Его теория «углубления раскола» стала поистине навязчивой идеей, в частности, после того, как на Женевской конференции Литвинов впервые предложил план всеобщего разоружения. Радек был тогда членом советской делегации в Женеве. Его включили в нее отчасти потому, что он был тонким знатоком международной политики, а отчасти — как личного друга британского делегата Гендерсона, в то время члена правительства Великобритании, которого Радек знал по совместной работе во II Интернационале накануне Первой мировой войны.
На этой конференции Радеку бросились в глаза две вещи. Во-первых, тот факт, что Америка не согласилась с требованием Японии изменить соотношение между японскими и американскими военными корабля ми, — которое, согласно договору 1922 года, составляло три к пяти. Радек спросил американского делегата, что произойдет, если Япония не уступит. Американец ответил, что в этом случае договор будет расторгнут, и Америка, как более сильная с экономической точки зрения страна, еще больше увеличит превосходство своего военно-морского флота над японским. Поэтому в своем отчете о конференции Радек подчеркивал то обстоятельство, что в международных отношениях главная роль принадлежит не дипломатии, не договорам, а экономической силе, на которую они опираются.

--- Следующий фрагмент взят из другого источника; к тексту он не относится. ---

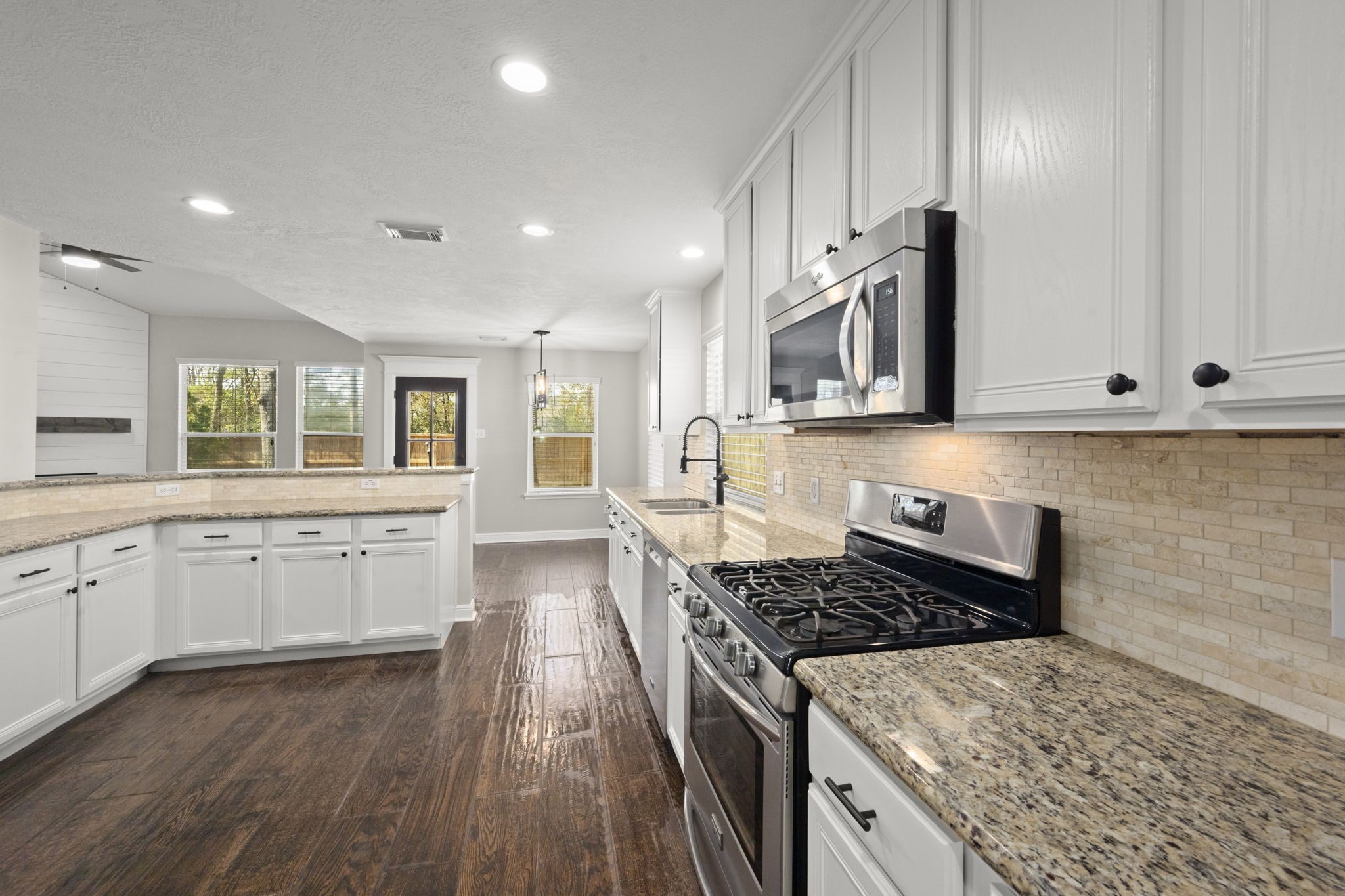 7 Delta Mill Court Conroe, TX 77385 - Photo 8 of 25 a kitchen with stainless steel appliances granite countertop a stove a sink and a microwave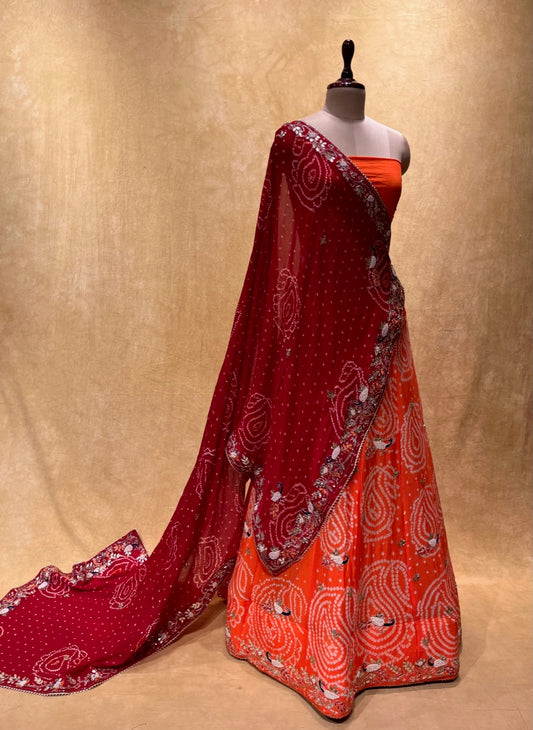 ( DELIVERY IN 25 DAYS ) ORANGE COLOUR PURE GEORGETTE OJARIYA BANDHEJ LEHENGA EMBELLISHED WITH GOTA PATTI & PEARL WORK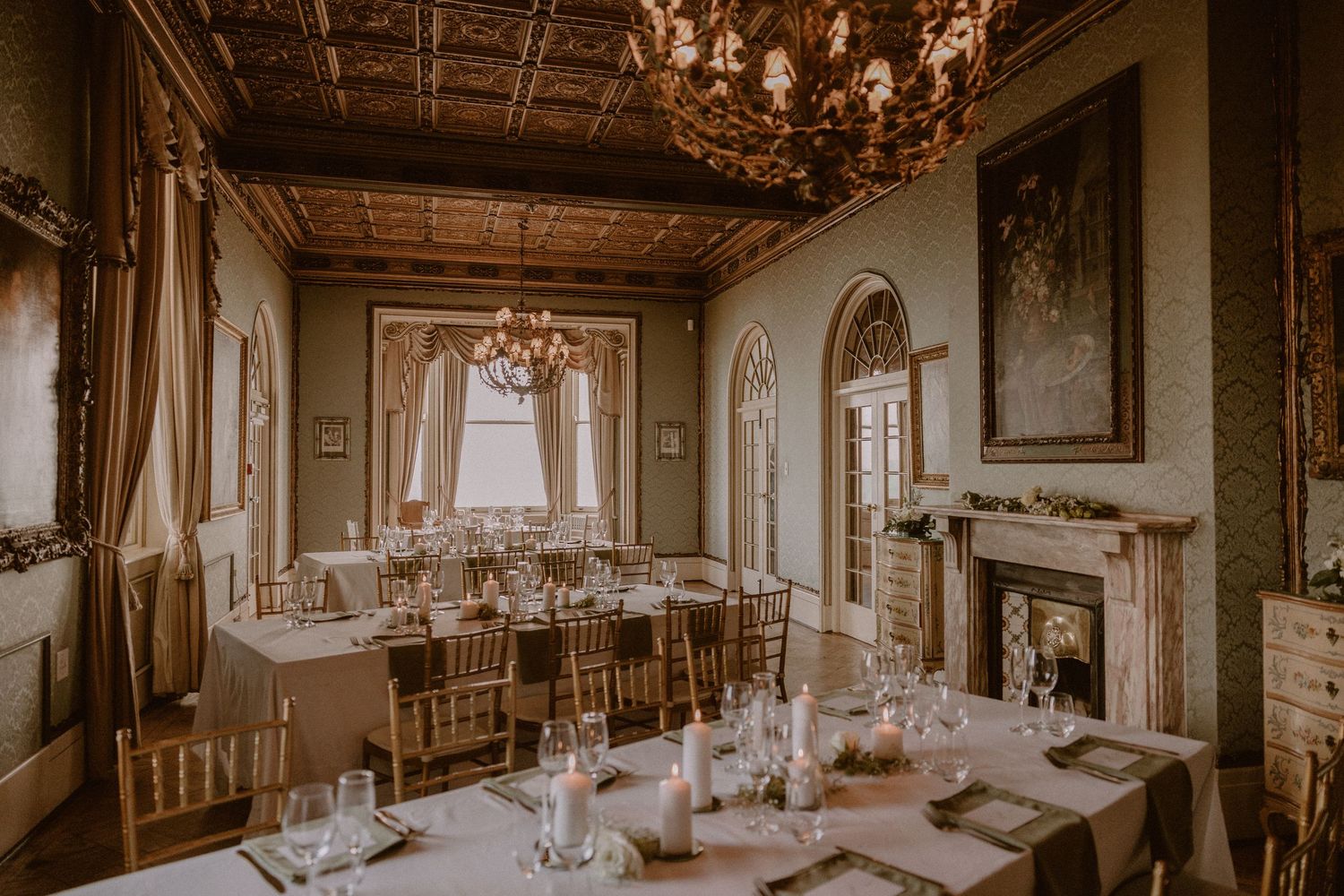Elegant wedding reception dining room with chandelier, fireplace and formal place settings.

Радек имел также неофициальные беседы с Гендерсоном. Гендерсон советовал делегации СССР соглашаться на все условия Англии и Франции, поскольку основное, что требовалось Советскому Союзу, по его мнению, это — выиграть время. Гендерсон объяснял Радеку, что делегация СССР и представить себе не может, как люто ненавидят Советский Союз во всем мире, как готовы воспользоваться любой возможностью, чтобы уничтожить его. На Радека этот разговор произвел такое впечатление, что он немедленно не только сообщил о нем Сталину, но и настоял на принятии специальной директивы, направленной затем Коминтерном всем зарубежным компартиям. Если, мол, Гендерсон, этот «архиоппортунист» счел необходимым сделать такое предупреждение, то какова же была в действительности опасность!